Dzięki tej współpracy niemieckie siły zbrojne w następnych latach rozwijały się tak szybko i stały się potęgą zdolną podbić 3/4 Europy.

Późniejsze lata służby von Mansteina to, a jakże, kolejne awanse i przeniesienia "wyżej", ze względu na jego świetne umiejętności dowódcze i sztabowe. Już podczas okupacji Czechosłowacji był szefem sztabu armii.

II wojna światowa

We wrześniu 1939 roku w trakcie agresji Niemiec na Polskę Manstein był szefem sztabu Grupy Armii „Południe”.

W październiku 1939 roku po przemianowaniu na Grupę Armii „A” została ona przerzucona na front zachodni.

I tutaj objawił się prawdziwy geniusz von Mansteina. To właśnie on opracował plan pokonania Francji, polegający na zmasowanym użyciu czołgów i uderzeniu przez Ardeny, których Francuzi nie obsadzili praktycznie wcale, ponieważ nie wierzyli że ktoś będzie w stanie przerzucić tam tyle wojska.

Naczelne Dowództwo Wojsk Lądowych w odpowiedzi odwołało Mansteina ze stanowiska szefa sztabu Grupy Armii „A” i przekazało mu już mianowanemu z dniem 1 czerwca 1940 roku na stopień generała piechoty dowodzenie nowo utworzonym XXXVIII Korpusem Armijnym.
Nie brał udziału w pierwszej fazie kampanii na zachodzie zakończonej ewakuacją wojsk sprzymierzonych w Dunkierce. W dalszej części operacji von Manstein na czele swojego korpusu przyczynił się do uzyskania decydującego zwycięstwa na Zachodzie, dokonując fenomenalnego wyczynu, przebijając się w czternaście dni z linii Sommy do Loary. Został za to odznaczony Krzyżem Rycerskim Krzyża Żelaznego.

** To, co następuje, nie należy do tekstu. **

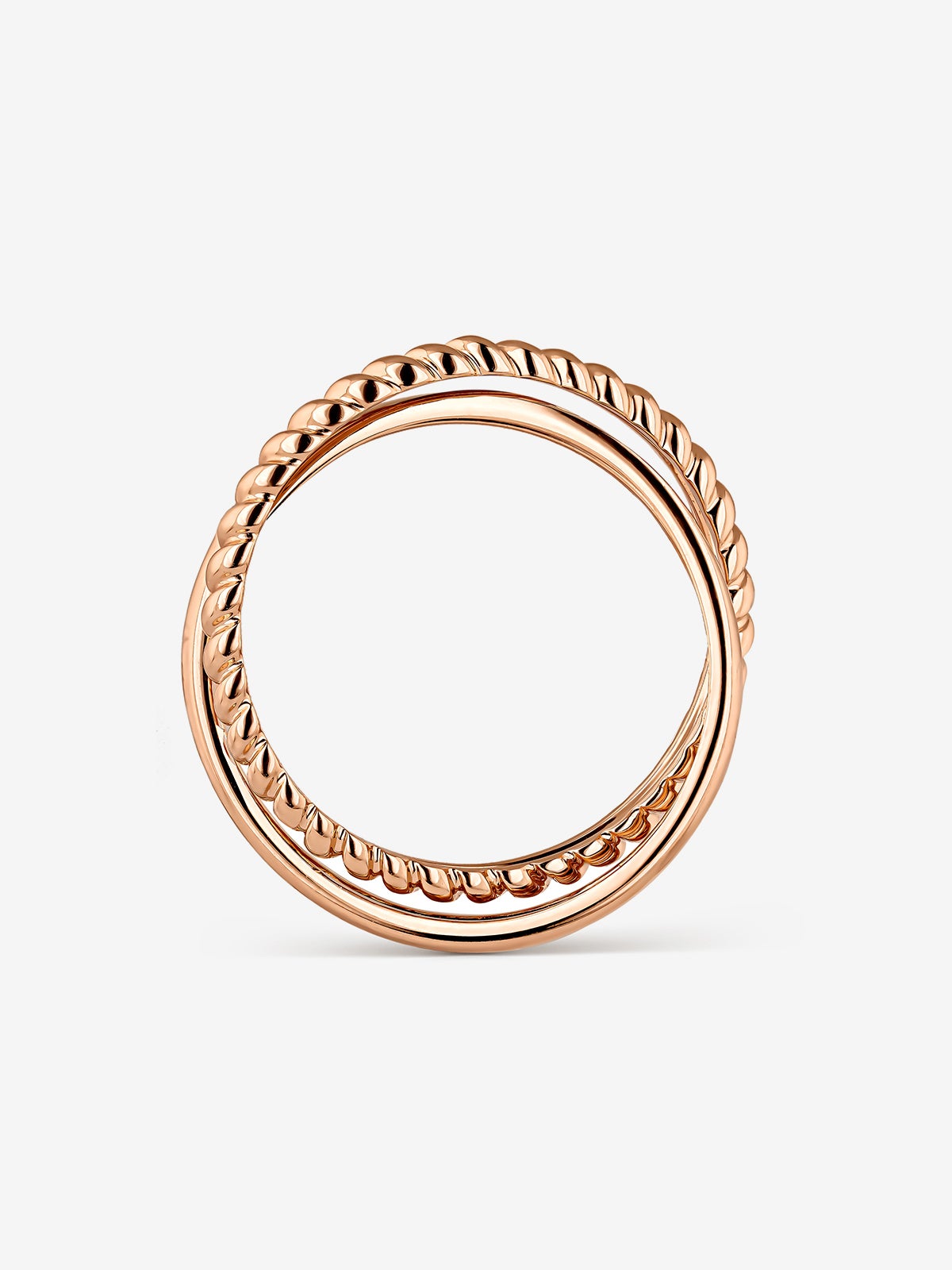 Anillo cruzado de oro rosa de 18K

W rozpoczętej 22 czerwca 1941 roku wojnie z ZSRR, Manstein dowodził LVI Korpusem Pancernym.
Pierwszego dnia wojny jego oddziały musiały pokonać 80 km i zdobyć wielki wiadukt drogowy nad doliną Dubissy pod Ejragołą.
Wojska pod dowództwem von Mansteina wykonały zadanie wzorowo, w następne cztery dni pokonując dalsze 240 km i zdobywając 26 czerwca nieuszkodzone mosty w Dyneburgu i samo miasto. To natarcie było kwintesencją Bliztkriegu. To właśnie wojska von Mansteina, jak i legendarnego "Boga broni pancernej", generała Heinza Guderiana, zwanego przez swoich żołnierzy "Schneller Heinz"(któremu też chcę poświęcić osobny wpis) osiągnęły tak fenomenalne postępy w pierwszej fazie operacji Barbarossa. Jak mawiał klasyk Wołoszański w co drugim programie o tej operacji "BYŁO TO TEMPO NIESPOTYKANE W DOTYCHCZASOWEJ HISTORII WOJEN".

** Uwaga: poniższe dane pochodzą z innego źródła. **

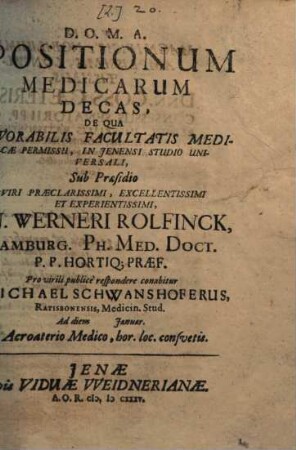 Positionum Medicarum Decas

Von Manstein po przełamaniu radzieckich pozycji nad jeziorem Ilmen nacierał w kierunku Leningradu.12 września 1941 został mianowany dowódcą 11. Armii, której zadaniem było zdobycie Krymu, gdzie dał kolejny popis swojego geniuszu strategicznego. Półwysep krymski wojska pod dowództwem von Mansteina zajęły bardzo szybko, tocząc bardzo zacięte boje o Seweastopol, który tak jak i dzisiaj, a nawet bardziej był bardzo ważną bazą - stacjonowała tam Flota Czarnomorska. Miasto zostało zamienione w twierdzę ale nie było to wielką przeszkodą dla naszego bohatera. Odparł również radziecką kontrofensywę poprowadzoną przez cieśninę kerczeńską i likwidując przyczółki na półwyspie kerczeńskim(wschodnia część Krymu) i 4 lipca 1942 roku padł Sewastopol, a Manstein został nominowany na feldmarszałka.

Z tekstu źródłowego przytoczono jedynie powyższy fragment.